このところの物価上昇をめぐり、「賃金の上昇が追いつかず、実質賃金がマイナスになった」と報じられている。企業の賃上げが本格化するのはいつごろなのか、物価上昇を上回る賃上げは進むのか。
まず、賃金に関する経済理論を整理しておこう。賃金は、基本的には、労働の供給と需要によって決まる。つまり、基本的に個人の生産能力がベースであるが、労働市場の環境によって大きく左右されることもある。
その上で、労働者を採用する企業数や規模、労働市場に関する情報が不完全な場合や労使間の賃金交渉の方法の違いなども影響してくる。このうち、はじめの部分、つまりマクロ経済に関する部分のみを考慮してみよう。
名目的な賃金を上げるうえで、「労働供給」は人口などの要因で決まるので、「労働需要」が重要になってくる。労働需要は派生需要なので、経済活動に由来する。つまり、景気がよければ労働需要が増すが、景気が悪ければその逆だ。ここから、国内総生産(GDP)が増えると、失業率が低下するという「オークンの法則」が出てくる。

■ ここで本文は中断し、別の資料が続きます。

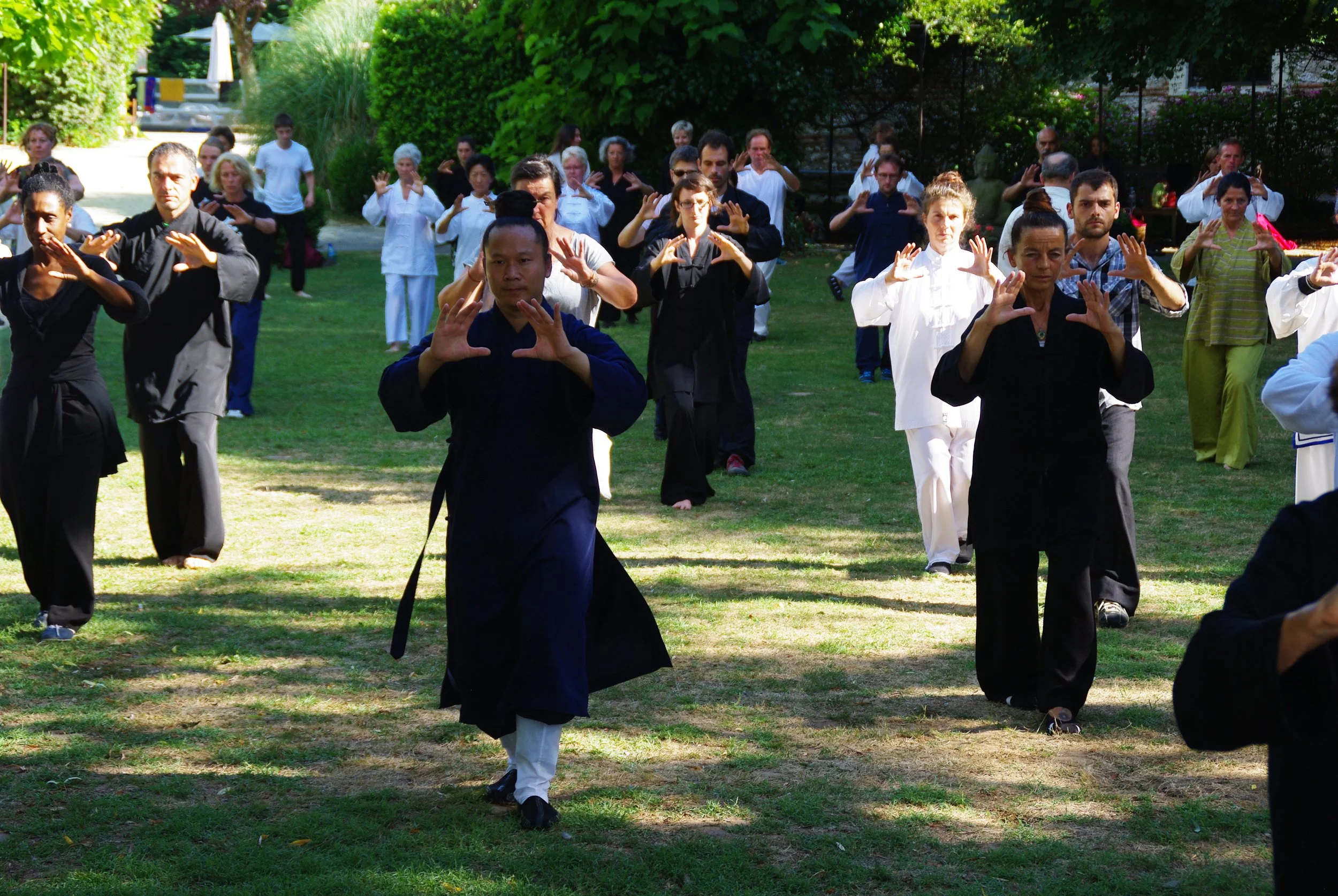 Instructor leading an outdoor Wudang Gong Dao practice session with students in a park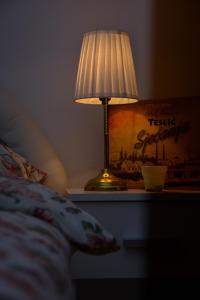 Postel nebo postele na pokoji v ubytování A Cozy Nest in Teslic + 30 fotografií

労働需要が満たされる状況は、失業中の人が職を得ることから始まる。その段階では、無職ではなくなるが賃金は低い。このため、名目的な賃金ですら、平均値でみると下がってみえることもある。
しかし、労働需要が増してくると、人手不足になる業者も増えてくる。となると、名目的な賃金は平均でみても間違いなく上がる。
アベノミクスは、名目的賃金を上げるまでの貢献はあった。最後の段階で、コロナ・ショックがあったものの、失業率を下げ、名目賃金が上がるまでになった。